◆ **Goal of the exercise**: Your copy of the lines below must match them exactly and contain no images.

◆ **Stored data**:
----
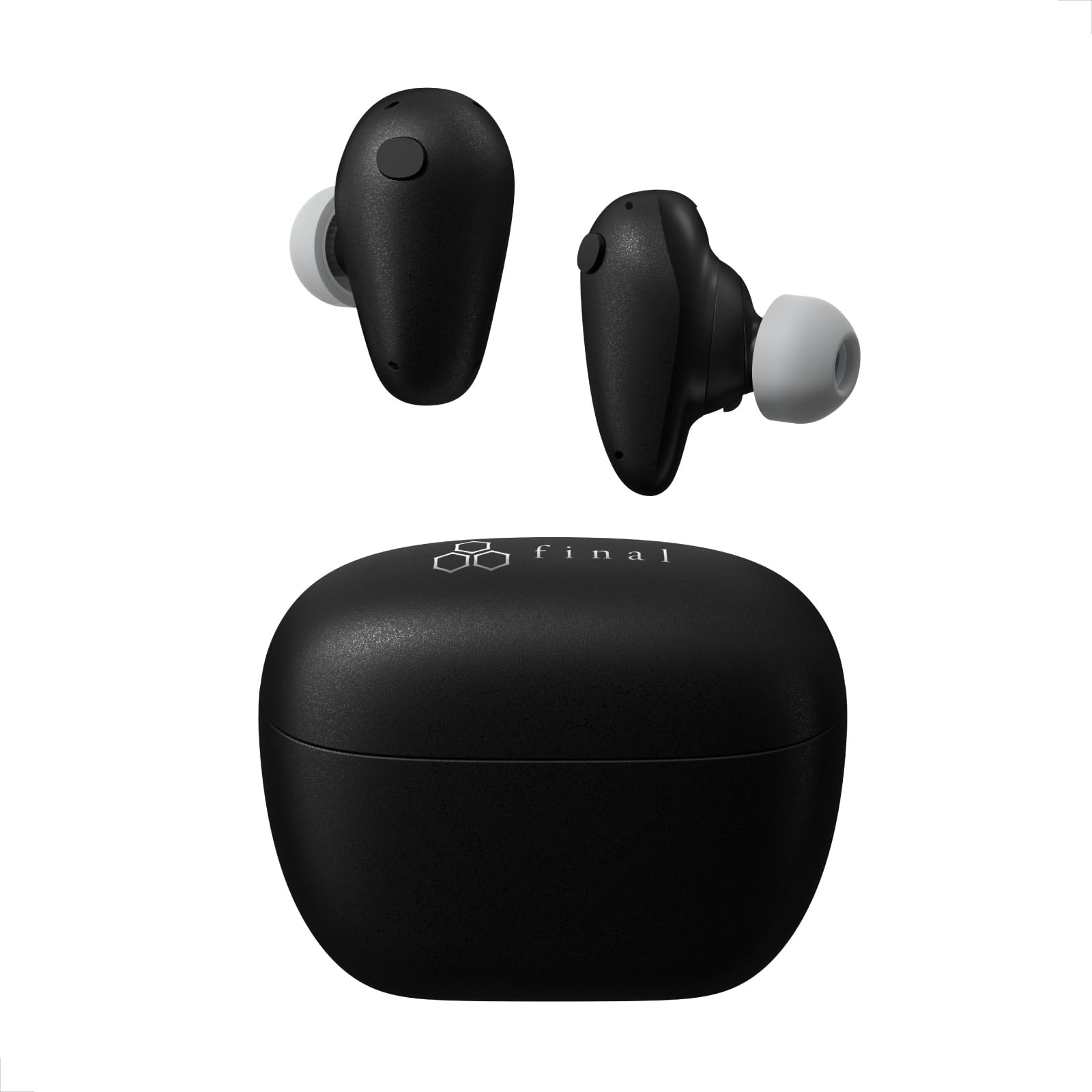 final TONALITE Bluetooth ワイヤレス イヤホン TONALITE｜final 公式ストア
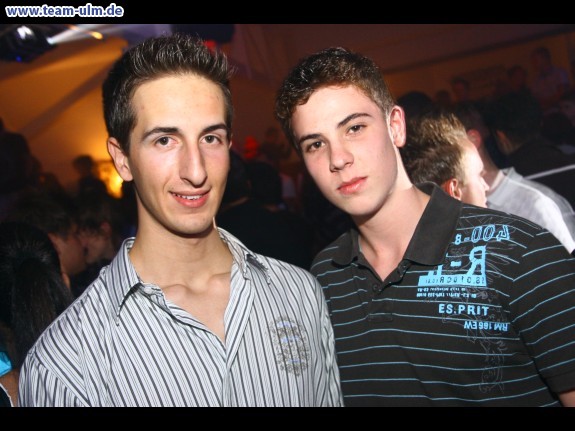 We Love House @ Club Ohm - Bild 80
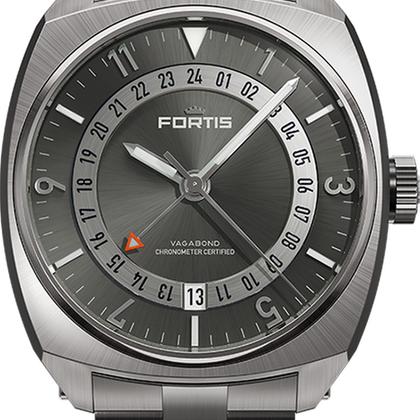 Fortis V-40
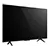 TCL 43P7L-UK 43" 4K HDR QLED Direct LED Google TV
----
◆ **Answer for the task**:
 final TONALITE Bluetooth ワイヤレス イヤホン TONALITE｜final 公式ストア
 We Love House @ Club Ohm - Bild 80
 Fortis V-40
 TCL 43P7L-UK 43" 4K HDR QLED Direct LED Google TV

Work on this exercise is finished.